Oil Rallies Ahead of US Supply Data

NEW YORK (DTN) -- New York Mercantile Exchange oil futures ended higher this afternoon after rebounding from a steep Monday sell-off, rallying Tuesday ahead of weekly petroleum inventory data that's expected to detail across-the-board stock draws for crude and products in the United States.

The oil futures' advance was also underpinned by positive economic data and stability in the U.S. equities market. The prospect of further decline for U.S. oil production provided additional support for the oil complex.

"Oil rebounded with the stock market and concern about the expected stock draw at Cushing, Oklahoma, prompted short covering for WTI and gave products a boost, but the stock market is off highs now, so the oil market rally lost momentum towards the end of the session," said analyst Phil Flynn at Price Futures in Chicago.

Flynn added, "If we see a crude stock draw of 1.0 million barrel at Cushing it'll be a sign U.S. production is falling, which is net positive. Also, technical support for WTI is still holding at $44 bbl."

At settlement, NYMEX November WTI crude futures were up 80 cents at $45.23 bbl, off a two-day high of $45.70, while ICE November Brent crude futures added 89 cents to a $48.23 bbl settlement.

NYMEX October ULSD futures climbed 2.04 cents to $1.4976 gallon while November prices increased 2.34 cents to $1.5251 gallon at settlement. NYMEX October RBOB futures added 1.44 cents to $1.3632 gallon while November prices climbed 1.69 cents to $1.3495 gallon at settlement. NYMEX October products futures contracts are set to expire Wednesday.

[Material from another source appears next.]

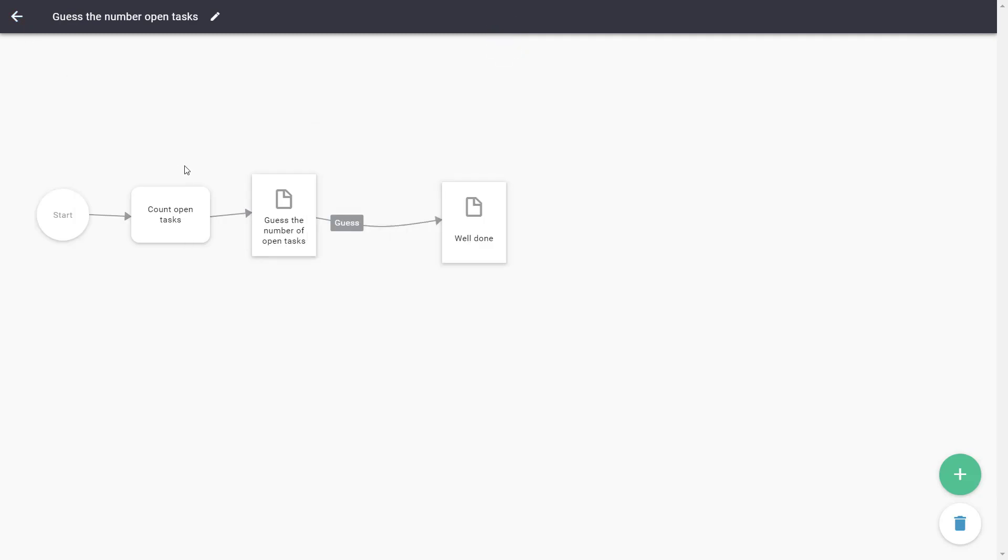We've now made a form with an advanced validation rule. The user can only continue when the answer is correct.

On Wall Street, most of major U.S. stock indices held on to modest gains this afternoon after losing momentum after an early rally. The dollar index fell to a three-day low.

Traders mulled whether the domestic economy is strong enough to sustain a slowdown in China, with Case-Shiller home price index for 20 major cities up 4.96% year-over-year in July. New York-based Conference Board said its index of consumer confidence rose to 103.0 in September from 101.1 in August, the second highest level since 2008, which bodes well for oil demand.

Earlier, the European Commission said Eurozone economic sentiment index rose to 105.6 in September, the highest since June 2011, from a revised 104.1 for August. The increase came despite concerns about China woes and slow global growth.

The main focus is oil market fundamentals. There's mounting evidence U.S. production is falling, which could work to tighten the supply and demand balance. Deutsche Bank estimated that non-OPEC production growth could reverse from expansion to contraction in 2016 for the first time since 2008.

Short term, a survey by Schneider Electric estimates a 200,000 bbl draw in crude stocks for the week-ended Sept. 25, with distillate stocks seen down 700,000 bbl while gasoline stocks are seen to have decreased by 500,000 bbl.

The American Petroleum Institute is set to release its weekly data at 3:30 p.m. CDT followed by the Energy Information Administration's data due at 9:30 a.m. CDT Wednesday.

Research firm Genscape on Monday estimated a drawdown of 1.0 million bbl from the Cushing, Oklahoma, supply hub that serves as the NYMEX delivery point for West Texas Intermediate.